L'abattoir, sa création

Depuis des siècles, la communauté possédait une halle où, quelques années avant 1789, elle avait aménagé un local servant au débit de viandes. Dans le langage des métiers, ce lieu s'appelait une tuerie (1) ou écorcherie. Il était situé place « Parmentier » proche de la maison commune. (2) En 1793, elle le vendit.

Le tuage se fit alors soit dans la boutique du boucher, soit dans la rue. On peut concevoir les graves inconvénients que devait représenter une telle activité. Au danger de voir les animaux furieux s'échapper après un coup mal assuré se joignait celui des miasmes putrides qui s'exhalaient des substances répandues autour de cet espace et du sang des bêtes abattues coulant au milieu de la fange des ruisseaux.

Sous le Premier Empire, pour remédier à une pratique qui ne s'accordait pas avec l'hygiène, le législateur, par décret du 10 novembre 1807, mit chaque commune dans l'obligation de construire des abattoirs. La nécessité d'obtenir une viande saine, indispensable à la santé publique, s'imposait. L'inspiration religieuse, vision cruelle du péché de crime alimentaire, contribua également à la rédaction de ce texte de loi. Seule subsistait, pour les propriétaires, pour l'usage personnel, la faculté d'abattre des porcs dans un lieu clos et séparé de la voie publique. Ces tueries ne présentaient pas les mêmes inconvénients que pour les gros bestiaux. (3) 
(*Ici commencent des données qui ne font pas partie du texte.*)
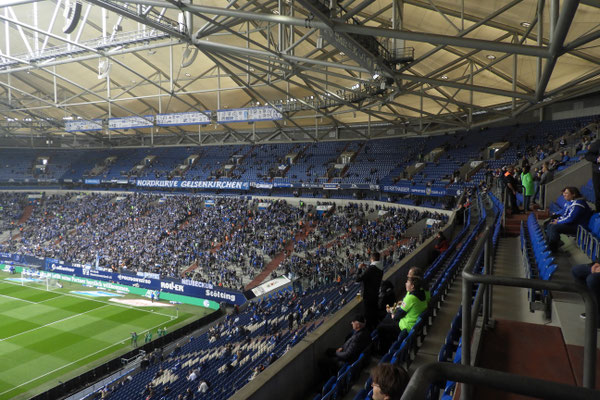 Veltins Arena, Schalke 04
En avril 1825, sous la direction municipale de Légier de Montfort, Joseph Granget, maçon patenté, mandaté en qualité d'expert, rédigea un devis descriptif des travaux touchant à la rénovation des lieux. L'endroit projeté se trouvait au rez-de-chaussée de la salle de la maison commune, il était constitué d'une pièce unique : la « matérie (4) » pavée avec des « cailloux ordinaires », très accessible au travail des bouchers et aux contrôles exercés par les fermiers de l'octroi.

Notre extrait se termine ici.